A lot of times, too, for me, it takes a contest. When I wrote my first book, I put it up for a contest. So Fried, that was a contest. The wire dress was for a contest. Sometimes that extra push of a contest makes it even more exciting: just being able to know that it can be done, even if I don’t know anything about it, makes it even more amazing.

And I pivot myself into positions that have always been able to bridge me into the next thing. People don’t believe it, but sometimes you just gotta go, you gotta do. Because if you’re in that space, they will see you and they will wonder about you and they will make room for your talents. I continue to put myself in places that most people wouldn’t even dare, just because they thought they wouldn’t make it in that space. I’m in that space and you’re going to see me. 

Photo Credit Eric L. Brim

Who do you consider your present artistic cohort? 
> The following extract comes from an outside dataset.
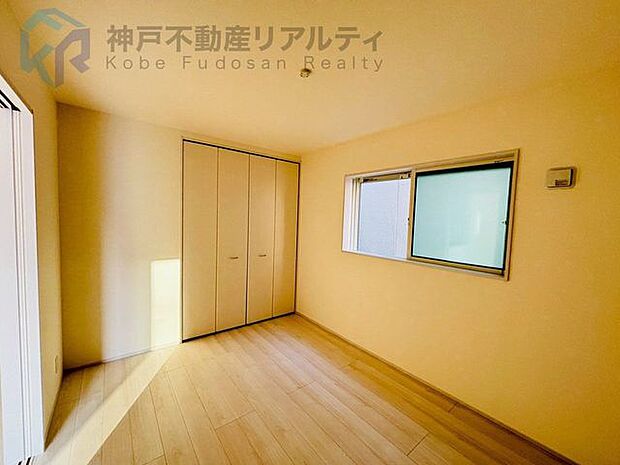 明るい自然光が差し込むシンプルな洋室♪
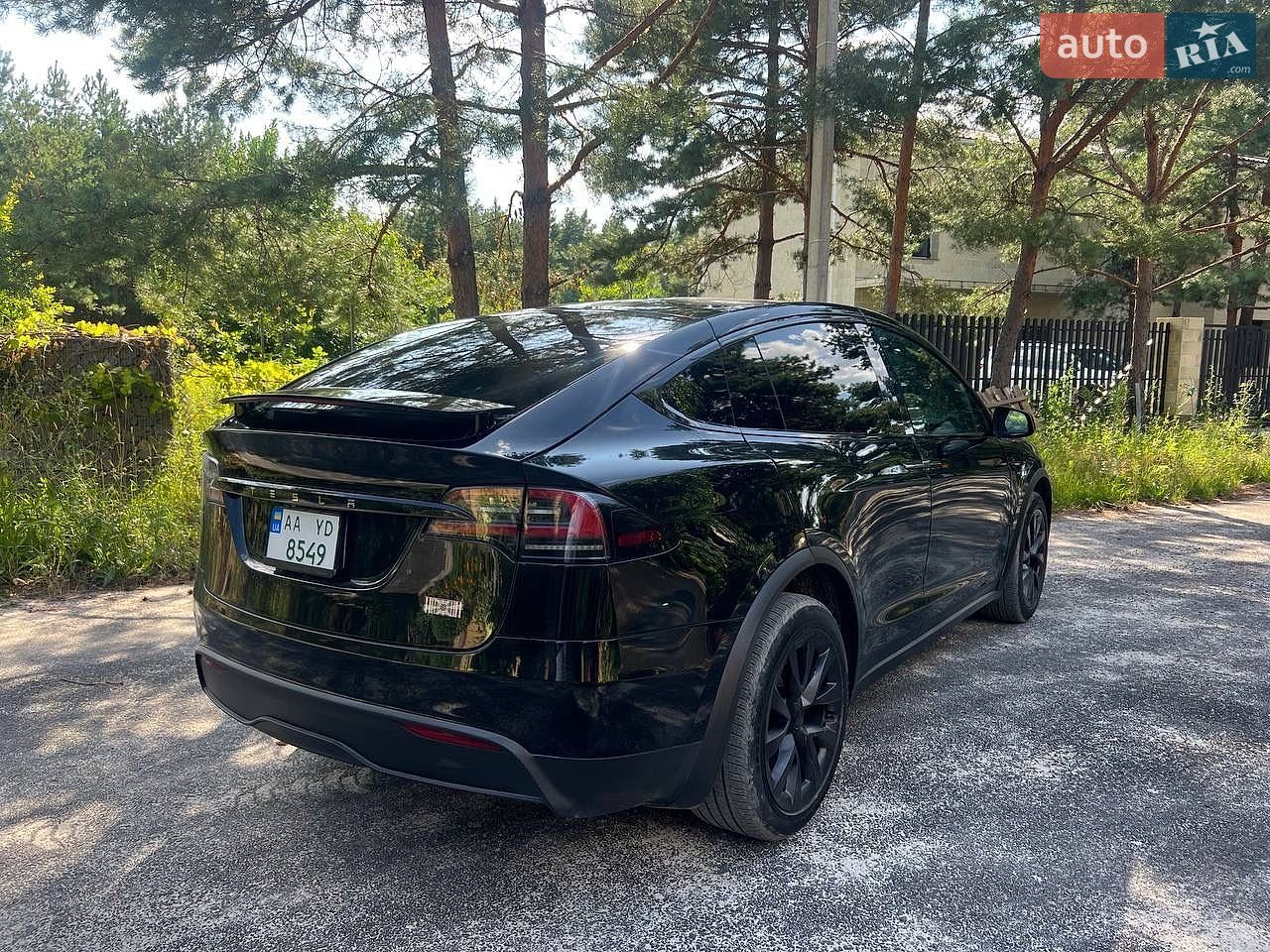 Tesla Model X 2023 VIN 7SAXCBE65PF421967 фото оголошення 5 з 14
I have been going to writing workshops during this whole pandemic: Cultivating Content, Craft, and Conversation by Christine-Jean Blain and Kimberley Gaubault. It’s open with donation for anybody to come to the workshop. They are amazing: they push and they question and they give the best prompts. When I’m there in that virtual space, I feel free. I can write, I can really just put pen to pad: whatever comes out comes out. I give them a lot of credit for creating that space. There’s other workshops I’ve gone to and I have my own artists’ retreats where I work with people. But for me, for that release, yeah, that does it. 

Right now I’m focused on writing, but when summer hits, I go back into painting because I can be outside. I can’t wait to get on canvas cause I want to practice more with watercolors. I have lots of visions in my mind, so I want to get those down. Usually I cycle a year creatively, so when I can get outside, that’s usually the time I paint and when it’s cold outside is when I’m inside, working on next year’s plans or writing and doing things.